Brewer, whose Instagram is now private, is hardly a worst-case offender or an outlier. Most of us have seen the memes based on photos of unsuspecting people taken on the subway, for example, or profiles that have been lifted from online dating web sites. Technology evolves faster than we can establish acceptable social norms to manage it. The government and private sector, by contrast, do a fine job keeping up with ways to exploit and monetize the things we share.

My friend and online privacy expert Andy Kahl noted that while there are arguably legitimate commercial uses for the data collected on us, "average folks don't have access to the black box in which companies (and governments) use that data to make decisions we can't influence at all."

For example, Andy says, someone might have a shopping history that includes a lot of Doc Marten boots: "That person might say, 'That's no big deal: Why would I care who knows I like those shoes?' But it's only no big deal until an algorithm somewhere decides that's an indicator of Neo-Nazism."

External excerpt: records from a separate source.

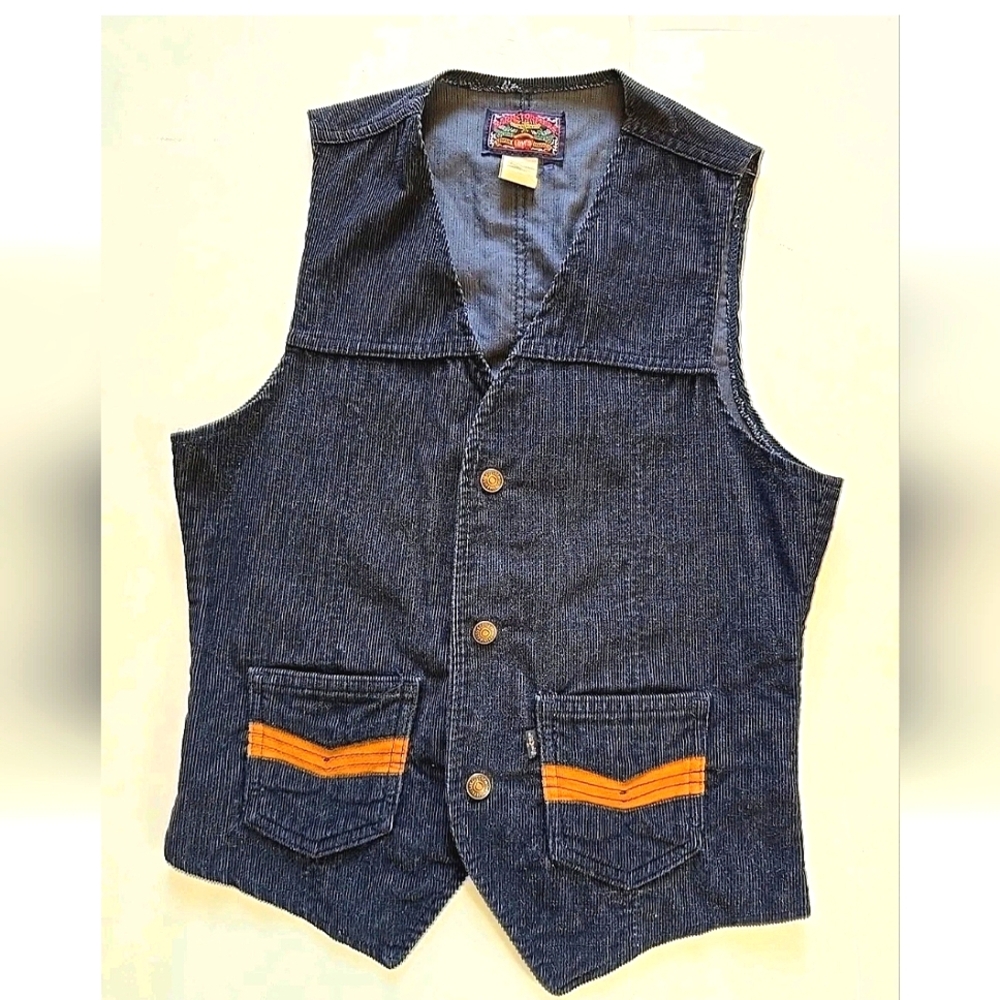 Vintage Levis Big E Kids Denim Vest Size 20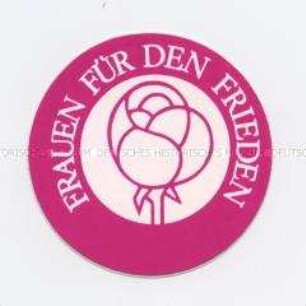 Aufkleber der Frauenbewegung für den Frieden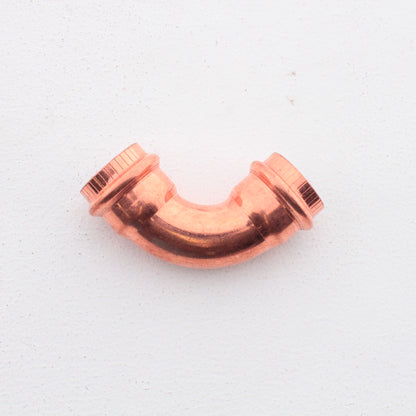 1" Viega Propress 77327 90 Degree Elbow C x C Copper, Shiny Black EPDM Seal
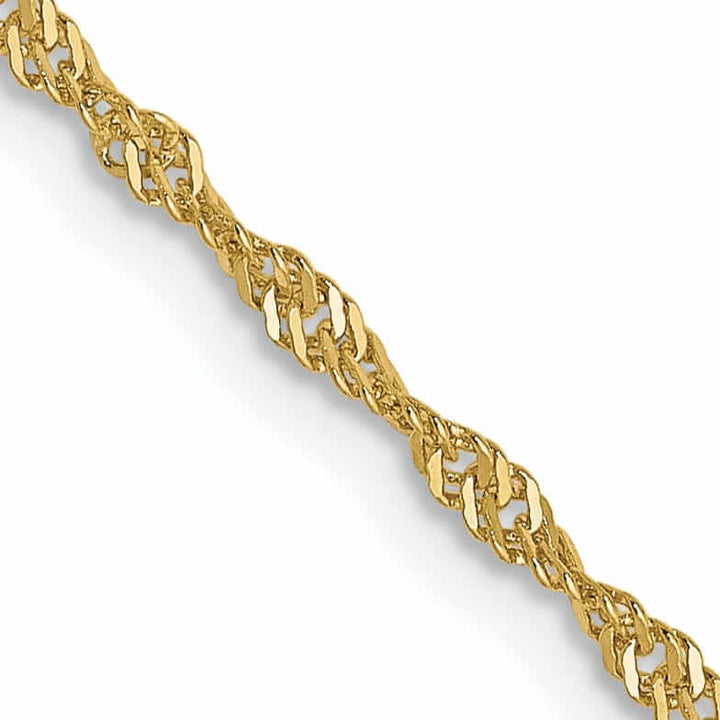 Lovely Rita's Necklaces 10k Yellow Gold 1.3 mm Singapore Chain Chain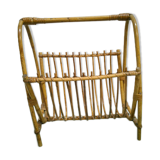 Vintage rattan magazines rack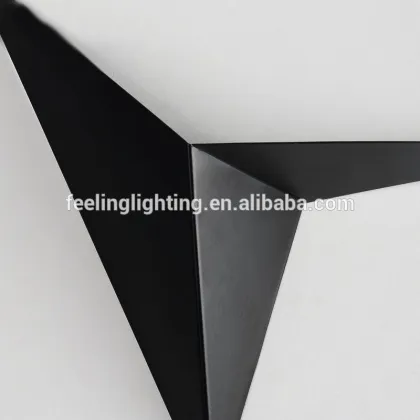 Hot selling white/black indoor iron wall lamp designs for hotel decoration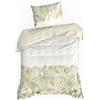 EUROFIRANY | Copripiumino - Set di biancheria da letto - 140 x 200 cm - Beige-Bianco - Set da letto - 100% cotone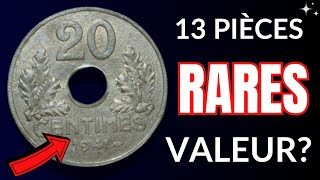 13 pièces RARES de 20 CENTIMES frappées entre 1941 et 1944 [upl. by Farica]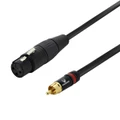 Stage Series Line Level Cable - XLR(f) to RCA(m) Audio DJ Cable - 3m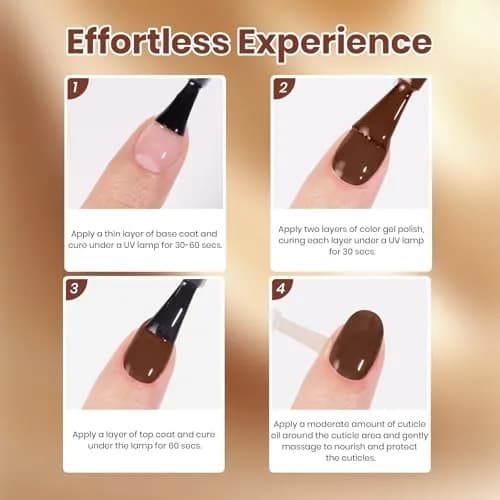 Beetles Gel Nail Polish Espresso Shot 15ml (0.51 Fl Oz) | Hema-Free Soak-Off UV/LED Gel thumbnail 7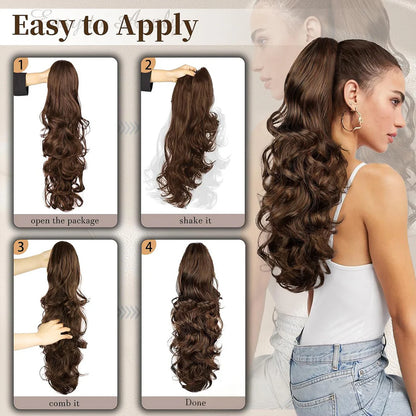 ✨ First 100 :2nd ltem 60% Off⚡Clip-in Big Wavy Ponytail Extension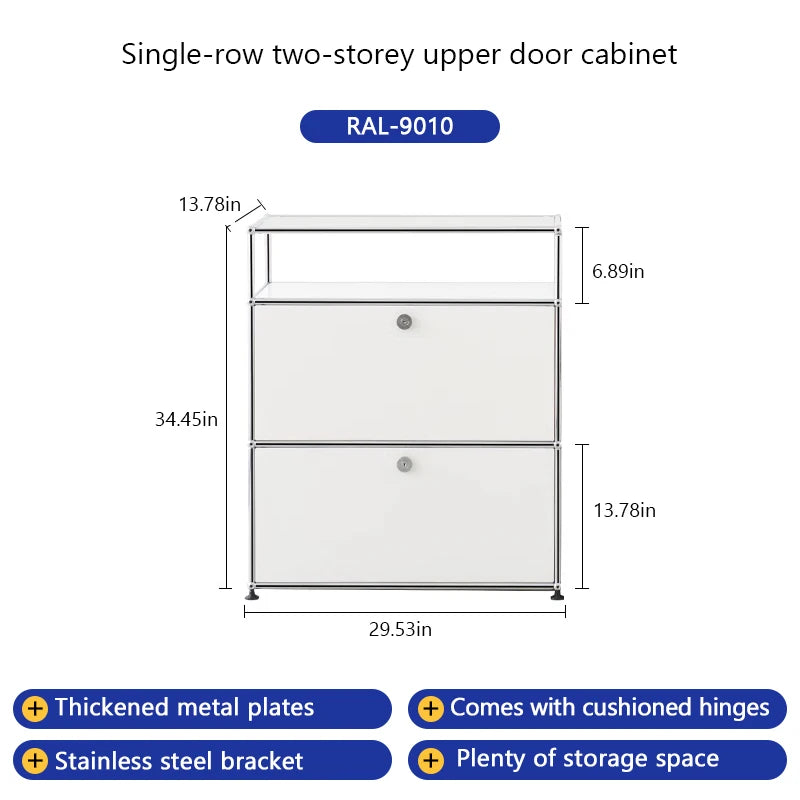 Bigcityfur TV Stand and Corner Cabinet Metal Storage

Thinking about what you share on social media doesn't give you control over all of the data being gathered on you, but not knowing how this information gets used should give you extreme pause when sharing anything at all about other people.

As highly incentivized parties get better at mining our information, we are the biggest threats to our own and to each other's privacy, which are ultimately synonymous. We would all benefit by sharing with caution, not entitlement. Here are just a few ways to behave responsibly on social media:

1) Get enthusiastic consent before posting identifying photos of people.

This would exclude images taken in an earnest newsgathering capacity--Amy Schumer jogging doesn't count--or documenting some criminal activity or abuse. It should go without saying that you always ask parents before posting photos of minors.

2) Don't share photos or videos that you know were obtained without the subject's permission.

You might even consider reporting those that were.

3) Get enthusiastic consent before tagging someone's name or location.

On Facebook, even if the photo doesn't show up on the person's timeline, facial recognition software is still hard at work. Plus, your friend might not want everyone to know when she isn't at home and where she's been.

Also, remember that on social media, your privacy settings are only as strong as those for the pages on which you post.